§ Assignment
The answer consists only of the lines from the beginning of the listing below to the line holding "Ann Taylor Factory", inclusive, with every picture removed.

===

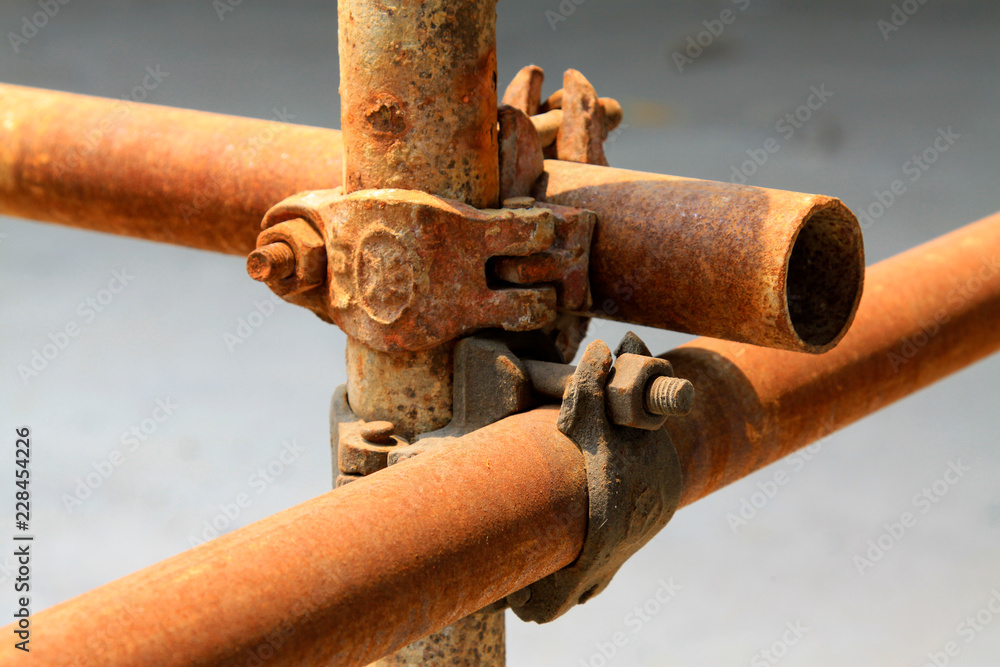 rusty metal scaffolding elements rusty metal scaffolding elements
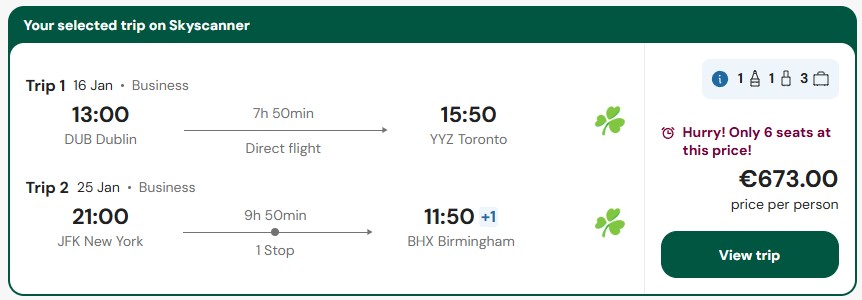 Error Fare open-jaw Business Class flights from Europe to the US and Canada from only €673 roundtrip. Flight deal ticket image.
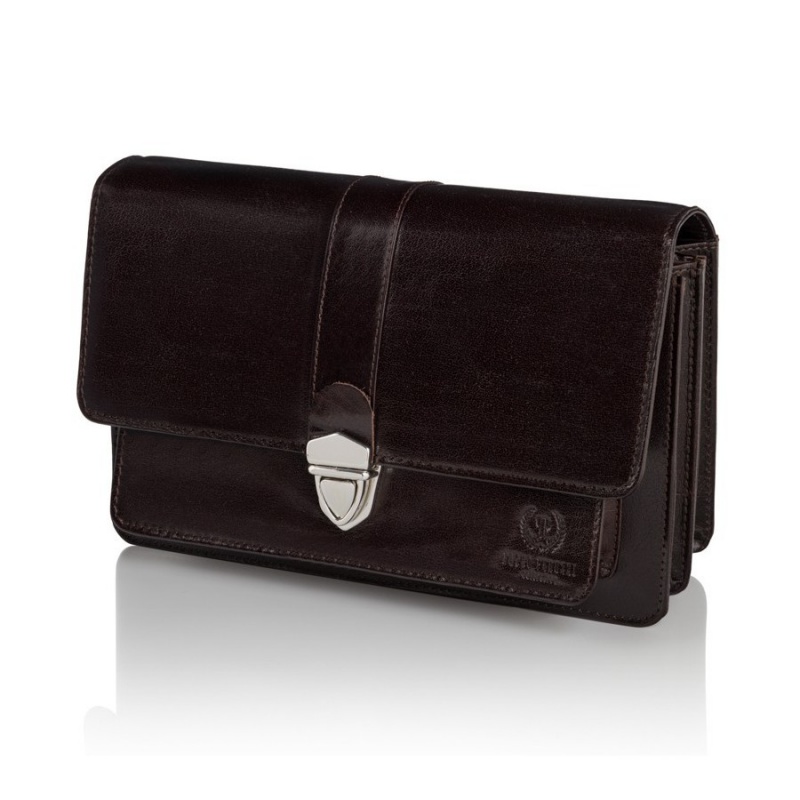 Hnedá pánska kožená príručná taška Peruzzi PRIME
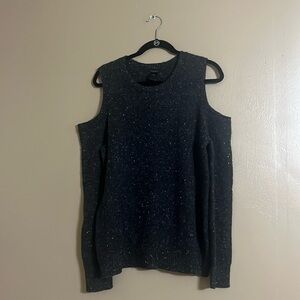 Ann Taylor Factory Sweater Sz XL Cold Shoulder Speckles WOOL Blend Closet Staple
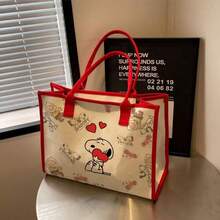 SNOOPY 女款大容量帆布托特包，新款卡通史努比印花單肩手提包，外出購物袋 - D - 查看 2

===

§ Answer section
 rusty metal scaffolding elements rusty metal scaffolding elements
 Error Fare open-jaw Business Class flights from Europe to the US and Canada from only €673 roundtrip. Flight deal ticket image.
 Hnedá pánska kožená príručná taška Peruzzi PRIME
 Ann Taylor Factory Sweater Sz XL Cold Shoulder Speckles WOOL Blend Closet Staple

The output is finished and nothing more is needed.